Application of a molecular sensory science approach to alkalized cocoa (Theobroma cacao): structure determination and sensory activity of nonenzymatically C-glycosylated flavan-3-ols.

Application of comparative taste dilution analyses on nonalkalized and alkalized cocoa powder revealed the detection of a velvety, smoothly astringent tasting fraction, which was predominantly present in the alkalized sample. LC-MS/MS analysis, 1D- and 2D-NMR, and CD spectroscopy as well as model alkalization reactions led to the unequivocal identification of the velvety, smoothly astringent molecules as a series of catechin- and epicatechin-C-glycopyranosides. Besides the previously reported (-)-epicatechin-8-C-beta-D-galactopyranoside, additional flavan-3-ol-C-glycosides, namely, (-)-epicatechin-8-C-beta-D-glucopyranoside, (-)-catechin-8-C-beta-D-glucopyranoside, (-)-catechin-6-C-beta-D-glucopyranoside, (-)-epicatechin-6-C-beta-D-glucopyranoside, (-)-catechin-8-C-beta-D-galactopyranoside, (-)-catechin-6-C-beta-D-galactopyranoside, (-)-catechin-6-C,8-C-beta-D-diglucopyranoside, (-)-epicatechin-6-C,8-C-beta-D-digalactopyranoside, (-)-catechin-6-C,8-C-beta-D-digalactopyranoside, and epicatechin-6-C,8-C-beta-D-diglucopyranoside, were identified for the first time in cocoa.
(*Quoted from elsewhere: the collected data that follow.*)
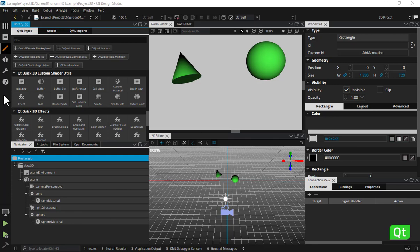Hello! In this video I'll talk about the different sets of Qt Quick 3D components available in the library view of Qt Design Studio and show you how to add them to your scene. We'll also take a quick look at how to change some of their main properties.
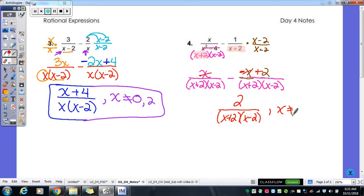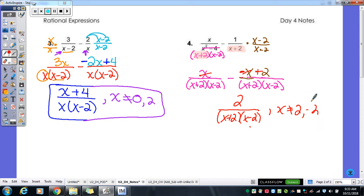What are the two numbers x cannot be? Look at the denominators — x can't be negative 2.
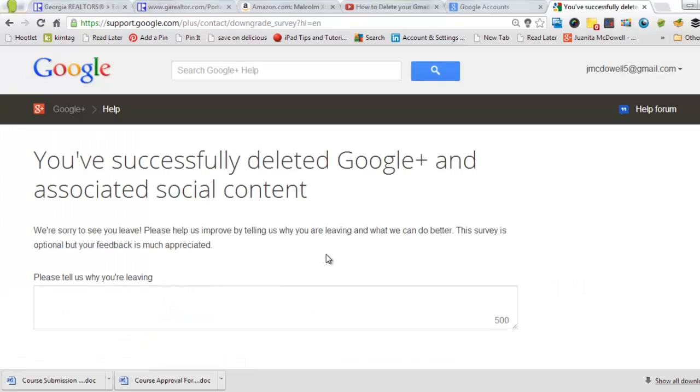And now it says you've successfully deleted Google Plus and associated social content. It's just that simple. I hope you enjoyed this tip. Thanks for watching. If you learned something new, give me a thumbs up.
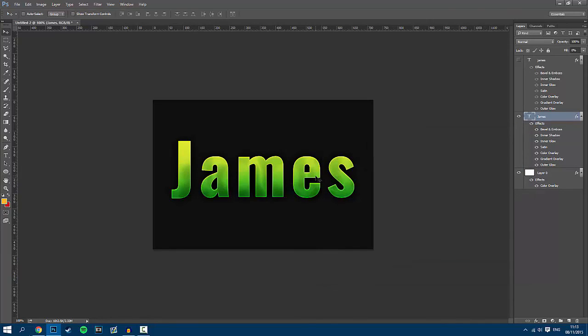Anyways guys, I hope you have enjoyed this video. This has been Visual, or James, and I'm out. Peace.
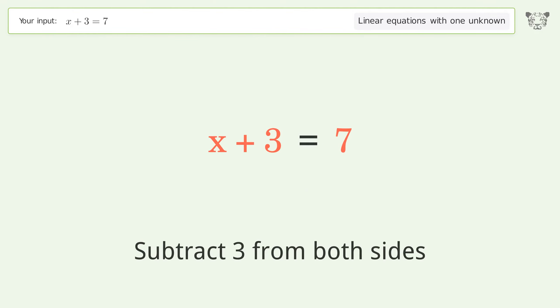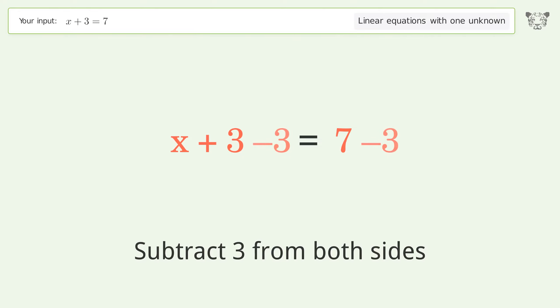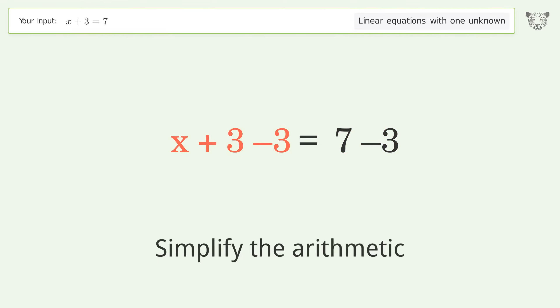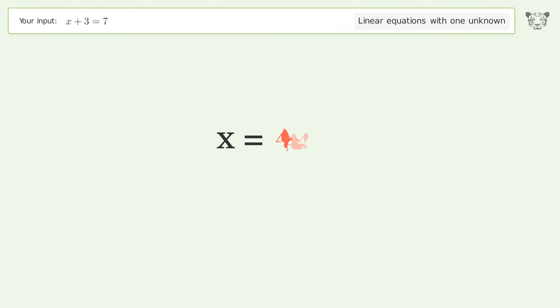Subtract 3 from both sides. Simplify the arithmetic. And so the final result is x equals 4.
Most surprisingly, these phenol glycoconjugates were demonstrated by model experiments to be formed via a novel nonenzymatic C-glycosylation of flavan-3-ols. Using the recently developed half-tongue test, human recognition thresholds for the astringent and mouth-drying oral sensation were determined to be between 1.1 and 99.5 micro mol/L (water) depending on the sugar and the intramolecular binding position as well as the aglycone.